- Iron Man and Sub-Mariner #1 (April 1968), cover art by Gene Colan (pencils) & Bill Everett (inks).

Publication information
- Publisher: Marvel Comics
- Format: One-shot
- Publication date: April 1968
- No. of issues: 1

Creative team
- Written by: Archie Goodwin Roy Thomas
- Penciller(s): Gene Colan
- Inker(s): Johnny Craig Frank Giacoia
- Editor(s): Stan Lee

= Iron Man and Sub-Mariner =

Comic book

Iron Man and Sub-Mariner is a one-shot comic book published by Marvel Comics in 1968. It is notable for being the first Marvel title to be intentionally published for only one issue, as it existed to use up two half-length stories left over after Marvel began its expansion and the characters were to be given their own solo titles.

Iron Man and Sub-Mariner does not feature a team-up of the title characters, nor a complete story for either. The Iron Man tale is continued from Tales of Suspense #99 (cover-dated March 1968) and continues in Iron Man #1 (May 1968). The Sub-Mariner story continues from Tales to Astonish #101 (March 1968), and continues in Sub-Mariner #1 (May 1968). The cover-logo trademark uses "and" while the copyrighted title noted in the postal indicia uses an ampersand.

The stories were: an 11-page Iron Man tale, "The Torrent Without, The Tumult Within", written by Archie Goodwin, with art by penciler Gene Colan and inker Johnny Craig, a former EC Comics mainstay; and an 11-page Sub-Mariner story, "Call Him Destiny, or Call Him Death", written by Roy Thomas, with art by Colan and inker Frank Giacoia. Stan Lee was the editor for both stories. The latter tale retold the Sub-Mariner's origin and introduced the supervillain Destiny.

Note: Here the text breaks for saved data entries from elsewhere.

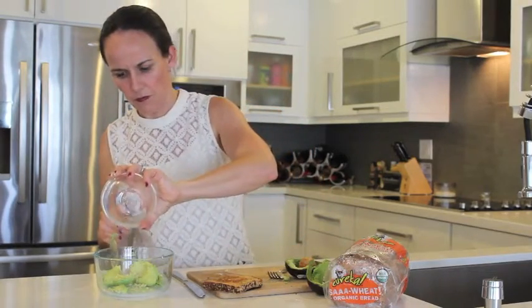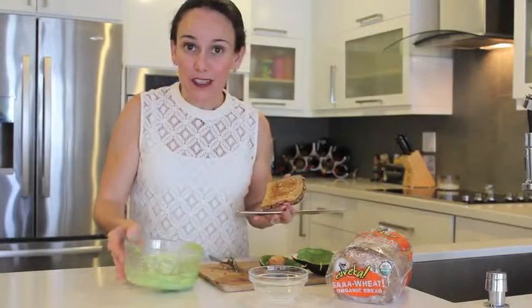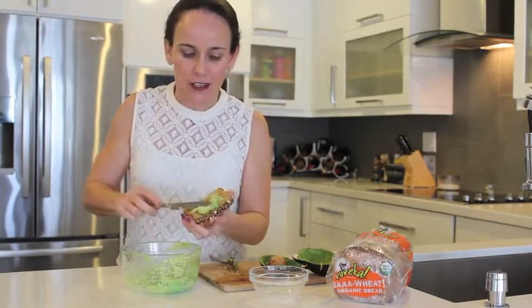And then the lemon. The avocado is not going to turn brown because of the lemon that we've added to it. We're just going to smash it until we get a nice texture. Super easy to do. Easy on your serving size, okay?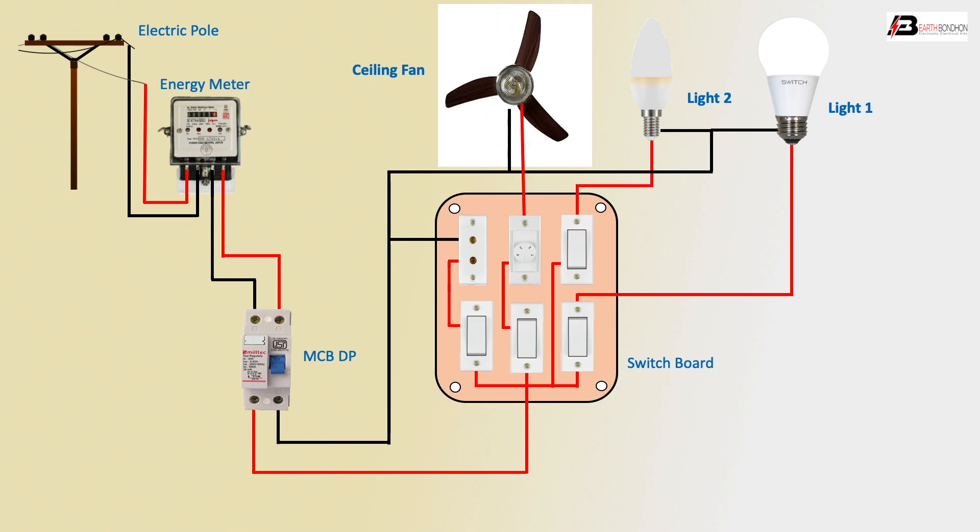Very simple connection — one ceiling fan and two lights controlled.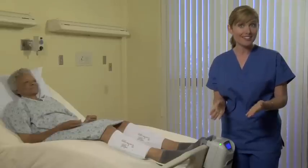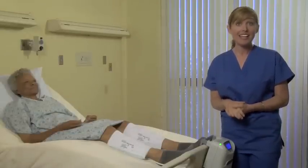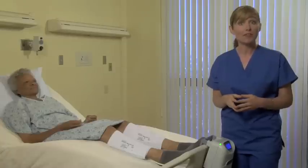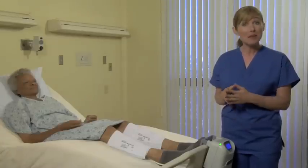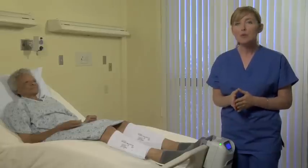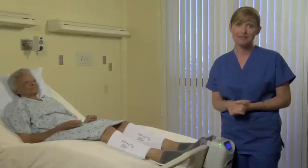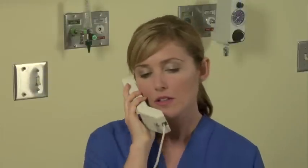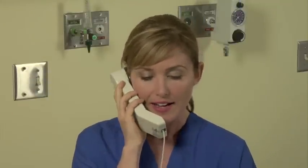If the check tubes alarm persists, then call DJO customer service to get a device replacement. If there is a more serious internal malfunction of the device, you may get a call for service alarm. You may press the on/off reset button to reset the alarm; however, this alarm will persist and the device will no longer function until the problem is corrected. In the unlikely event of this situation, you must call customer service to return the system and to get a replacement.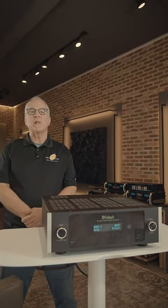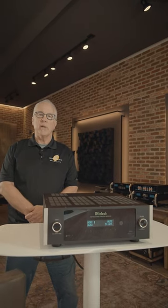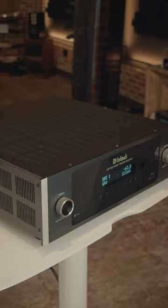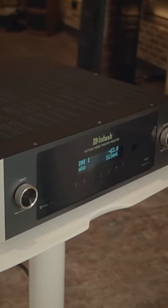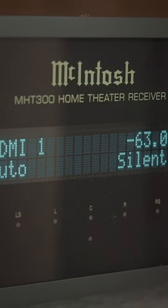Hi, this is Ron with Gramophone. We've just released a video on the new Macintosh MHT300 Home Theater Receiver. Talk about an eagerly awaited product — a Macintosh Home Theater Receiver delivering legendary Macintosh performance, but including all the latest and greatest features and connectivity.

At least one previous Marvel title had lasted only one issue, though unintentionally. Red Raven Comics #1 (Aug. 1940), from Marvel predecessor company Timely Comics, became The Human Torch with issue #2, dropping all features from the debut issue. The Grand Comics Database notes of the first and only issue, "No blurbs at the end of the stories in this issue indicate that there will be a Red Raven Comics #2. Instead they all advertise either Marvel Mystery Comics or in one case Mystic Comics, suggesting that perhaps Red Raven Comics was cancelled even before it went to press."

==Reprints==
Iron Man & Sub-Mariner #1 has been reprinted in two Essential Marvel collections, Iron Man vol. 2 (2004, ISBN 0-7851-1487-4) and Sub-Mariner vol. 1 (2009, ISBN 0-7851-3075-6).